The first has resulted in a ‘massive change’, with the ‘complete removal of partial bookings’ – patients now leave clinics with follow-up appointments booked in. ‘This is great for patient experience, eliminating the potential for people to be lost in the system, and led to efficiency on staff side.’

The subsequent RPIW looked at how clinics are run and has led to standardisation on how they are set up and the numbers of patients seen, as well as requiring all patients to be booked in. Mr Hardy acknowledges that some clinicians – those not directly involved in the RPIW – have kicked back against some changes. ‘We were told to expect that,’ he says. ‘You just need to work through it – we are doing this because it is best for patients.’
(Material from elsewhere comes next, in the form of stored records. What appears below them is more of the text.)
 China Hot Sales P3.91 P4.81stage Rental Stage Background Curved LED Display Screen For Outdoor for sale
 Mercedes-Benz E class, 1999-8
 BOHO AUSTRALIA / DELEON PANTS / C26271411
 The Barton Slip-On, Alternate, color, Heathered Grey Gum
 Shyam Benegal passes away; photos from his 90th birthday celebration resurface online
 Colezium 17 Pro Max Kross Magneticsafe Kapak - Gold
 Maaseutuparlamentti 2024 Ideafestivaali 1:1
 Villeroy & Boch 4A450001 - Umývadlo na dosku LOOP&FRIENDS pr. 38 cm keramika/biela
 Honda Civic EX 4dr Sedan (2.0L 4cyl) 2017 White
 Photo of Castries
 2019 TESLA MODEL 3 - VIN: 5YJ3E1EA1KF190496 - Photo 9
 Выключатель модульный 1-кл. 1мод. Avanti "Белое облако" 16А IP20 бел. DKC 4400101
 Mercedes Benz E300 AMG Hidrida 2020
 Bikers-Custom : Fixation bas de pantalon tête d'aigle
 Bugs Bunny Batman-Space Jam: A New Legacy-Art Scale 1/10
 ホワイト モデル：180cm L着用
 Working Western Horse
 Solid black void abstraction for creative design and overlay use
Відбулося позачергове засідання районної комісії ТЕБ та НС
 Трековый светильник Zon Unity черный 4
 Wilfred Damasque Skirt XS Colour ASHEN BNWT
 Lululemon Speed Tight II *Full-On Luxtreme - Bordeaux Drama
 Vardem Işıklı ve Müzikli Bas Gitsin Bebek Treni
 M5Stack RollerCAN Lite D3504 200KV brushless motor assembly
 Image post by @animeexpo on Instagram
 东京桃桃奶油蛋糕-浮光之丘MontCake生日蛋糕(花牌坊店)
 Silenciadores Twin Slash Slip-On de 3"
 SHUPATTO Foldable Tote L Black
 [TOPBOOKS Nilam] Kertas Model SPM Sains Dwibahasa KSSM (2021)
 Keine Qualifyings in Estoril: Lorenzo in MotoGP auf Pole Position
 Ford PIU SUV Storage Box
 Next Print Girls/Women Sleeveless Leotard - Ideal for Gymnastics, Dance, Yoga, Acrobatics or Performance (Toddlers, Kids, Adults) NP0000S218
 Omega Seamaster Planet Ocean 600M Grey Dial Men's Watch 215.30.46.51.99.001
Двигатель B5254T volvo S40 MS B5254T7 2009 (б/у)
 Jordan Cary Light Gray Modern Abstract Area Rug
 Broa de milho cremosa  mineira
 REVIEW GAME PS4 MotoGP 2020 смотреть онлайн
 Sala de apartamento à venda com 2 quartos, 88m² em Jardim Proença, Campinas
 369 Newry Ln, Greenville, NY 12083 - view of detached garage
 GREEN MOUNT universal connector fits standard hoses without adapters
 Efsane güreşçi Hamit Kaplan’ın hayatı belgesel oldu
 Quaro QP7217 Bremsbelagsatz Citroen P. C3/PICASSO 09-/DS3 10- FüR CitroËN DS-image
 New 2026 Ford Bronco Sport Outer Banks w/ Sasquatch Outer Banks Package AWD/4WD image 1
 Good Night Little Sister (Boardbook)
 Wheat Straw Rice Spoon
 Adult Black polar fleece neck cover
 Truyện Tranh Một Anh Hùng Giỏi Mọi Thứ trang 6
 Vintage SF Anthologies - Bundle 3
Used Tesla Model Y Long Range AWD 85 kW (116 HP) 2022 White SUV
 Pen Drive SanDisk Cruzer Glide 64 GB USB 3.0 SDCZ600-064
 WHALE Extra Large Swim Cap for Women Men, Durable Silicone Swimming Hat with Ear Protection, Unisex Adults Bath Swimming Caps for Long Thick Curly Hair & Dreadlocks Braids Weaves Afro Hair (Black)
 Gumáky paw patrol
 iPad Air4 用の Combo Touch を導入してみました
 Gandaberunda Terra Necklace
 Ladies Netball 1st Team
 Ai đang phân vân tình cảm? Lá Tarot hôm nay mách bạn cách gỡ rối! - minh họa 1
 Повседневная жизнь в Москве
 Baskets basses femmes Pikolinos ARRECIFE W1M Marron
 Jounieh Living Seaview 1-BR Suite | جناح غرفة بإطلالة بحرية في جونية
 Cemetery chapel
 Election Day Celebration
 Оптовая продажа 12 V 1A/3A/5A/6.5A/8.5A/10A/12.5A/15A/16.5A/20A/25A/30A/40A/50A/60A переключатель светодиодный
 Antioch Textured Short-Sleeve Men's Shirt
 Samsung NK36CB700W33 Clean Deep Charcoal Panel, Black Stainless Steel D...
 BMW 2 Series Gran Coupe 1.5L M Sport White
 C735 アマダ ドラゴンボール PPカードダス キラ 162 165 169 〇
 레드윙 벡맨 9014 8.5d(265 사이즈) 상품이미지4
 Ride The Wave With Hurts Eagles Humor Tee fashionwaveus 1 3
As with Leeds, UHCW’s approach is to keep the Virginia Mason work separate from cost improvement programmes. ‘Virginia Mason chief executive Gary Kaplan talks about how the path to low-cost healthcare is the same path to high-quality healthcare,’ says Mr Hardy. ‘And we have deliberately not attributed any cost savings to this programme, although we know it will drive efficiencies.’ But if the improvement work identifies savings that can be realised, service units can use these against their cost improvement targets. ‘It is that way around,’ Mr Hardy says.

The trust has three value streams – ophthalmology, incident reporting and theatres – and expects to undertake six or seven RPIWs this calendar year, spreading learning across the trust where it can.

Other areas are keen to get involved, with services such as maternity pitching to be the next value stream. Mr Hardy says: ‘A clear message from Virginia Mason is that it is very disciplined. You can’t do everything at the same time; you do things steadily and let it build. At the end of five years, not every part of the hospital will have been directly involved, but every part of the hospital will have been affected.’